La troisième raison pour laquelle il y a toujours quelqu’un dans le Node-3 c’est la Cupola, qui est installée sur le port coté Terre. En traversant le Node-3, avec une culbute de 180 degrés on « descend » dans la Cupola. Habituellement, les pieds restent « connectés » à la trappe, de façon à avoir la Terre qui défile dans notre direction, en se tournant dans la direction du vol, avec le Nord sur la droite et le Sud sur la gauche. Notre fenêtre sur le monde a fasciné et charmé tous les astronautes et cosmonautes qui ont eu le privilège de regarder la planète. Ses sept fenêtres qui donnent une vue à 360 degrés sur l’horizon offrent un spectacle d’une beauté incomparable, qui nourrit l’âme et remplit les yeux sans jamais les rassasier.

Je pourrais continuer d’essayer en vain de trouver les mots justes, mais ce n’est pas le moment. Nous retournons donc dans le Node-1, en passant par le Node-3, pour continuer par la trappe qui se trouve dans la direction du vol.

Destiny Laboratory (Lab)

Robonaut dans Destiny (Crédits : NASA)

En entrant dans le laboratoire américain, nous sommes tout de suite surpris par la taille du module, au moins deux fois plus grand que ceux rencontrés jusqu’ici : les deux « cônes » avant et arrière sont de couleur bleue, mais le reste des murs (ou plutôt ce qui est visible !) est de couleur blanche. Le Lab est le cœur du segment américain, non seulement parce qu’il contient la majeure partie des systèmes qui permettent la vie à bord de la Station, mais aussi pour ses « racks » scientifiques répartis le long des différentes surfaces : ici, beaucoup d’expériences sont effectuées. Lorsque vous entrez, à droite, vous trouvez une multitude d’objectifs et d’appareils photos, toujours à la disposition des personnes à bord pour prendre des photos des activités quotidiennes. A gauche se trouve un lieu de travail historiquement utilisé pour les Conférences de Planification Quotidiennes (Daily Planning Conferences), et ensuite nous trouvons le « journal de bord » (en réalité un bloc-notes tout à fait officieux), des stylos, des marqueurs et des crayons, tous attachés avec du velcro. Immédiatement après, de chaque côté, nous remarquons les joysticks de contrôle du Canadarm2 : en effet le Lab est le lieu de support pour toutes les opérations robotiques lorsque la Cupola n’est pas utilisée, mais seule la station de travail robotique à gauche est opérationnelle; celle de droite est reliée au système d’entraînement ROBOT, le simulateur du Canadarm2.
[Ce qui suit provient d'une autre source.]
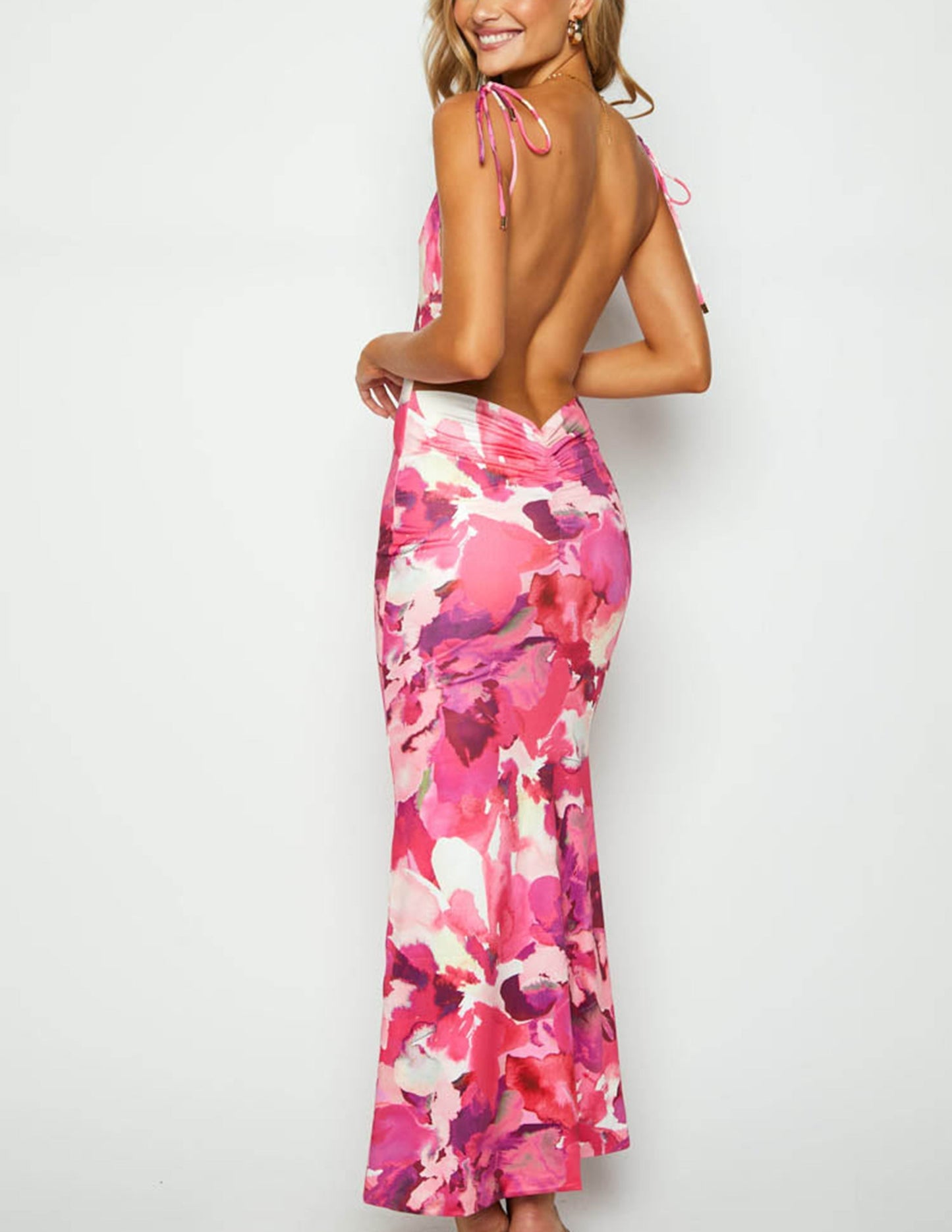 Maxiklänning Dam Blommönstrad Bodycon Polyester för Sommar 4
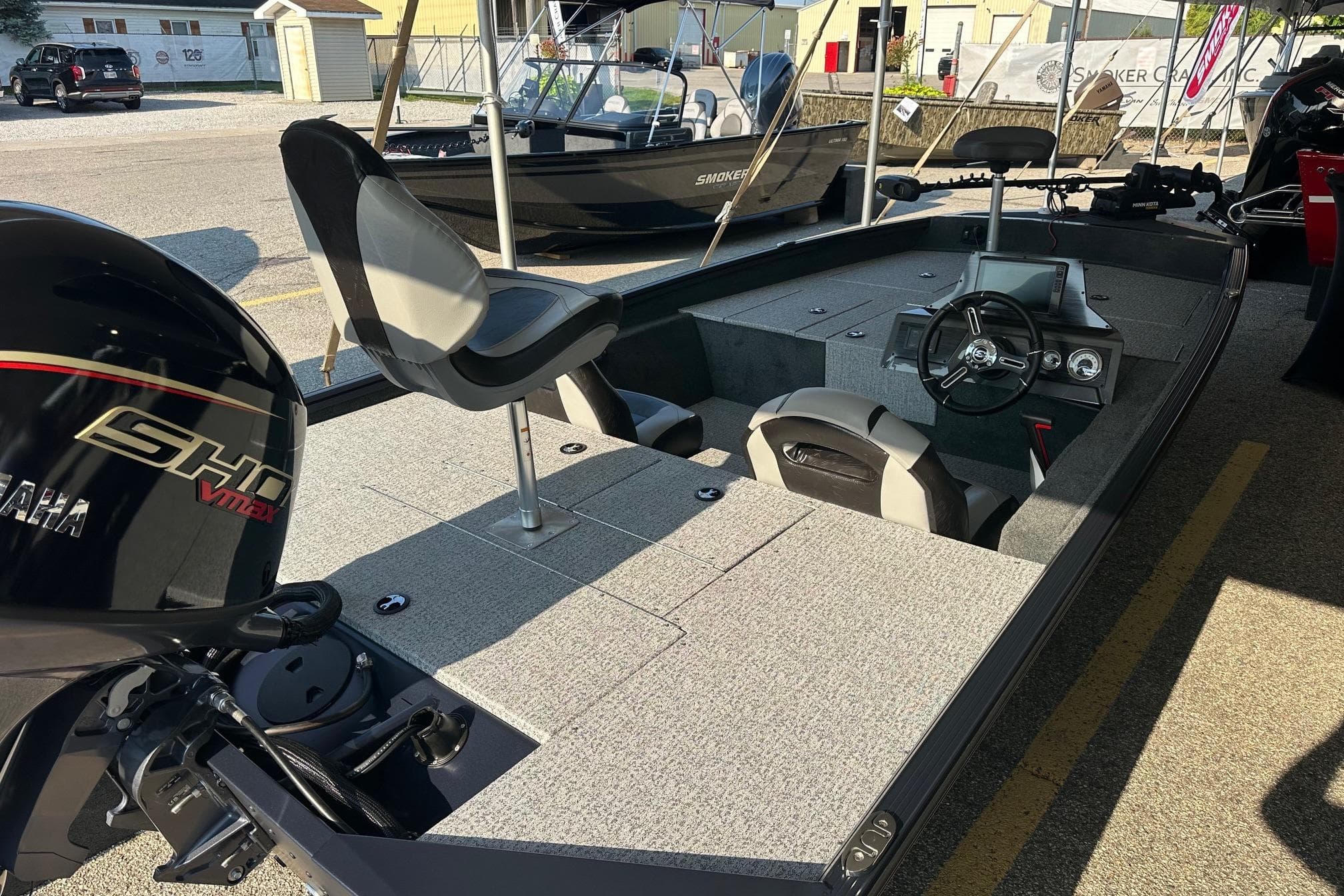 2026 Smoker Craft VIPER 175 boat with Yamaha engine, featuring spacious seating and modern dashboard.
Toujours en avançant, installé « au plafond », nous trouvons le distributeur d’eau potable, puis à gauche le CEVIS, notre vélo d’exercice spatial. Pédaler en orbite nécessite un minimum d’adaptation, mais c’est toujours étrange de penser que le CEVIS n’a pas de selle ni de guidon : à 0G ils sont inutiles. Les quatre autres baies sur le mur de droite sont occupées par des racks scientifiques, y compris le reconnaissable Microgravity Science Glovebox (la boite à gants pour la science en microgravité), avec son grand volume de verre où se trouve en ce moment l’expérience InSpace3.

Node-2 (Noeud-2, Harmony)

Les quartiers de l’équipage dans Harmony (Crédits : NASA)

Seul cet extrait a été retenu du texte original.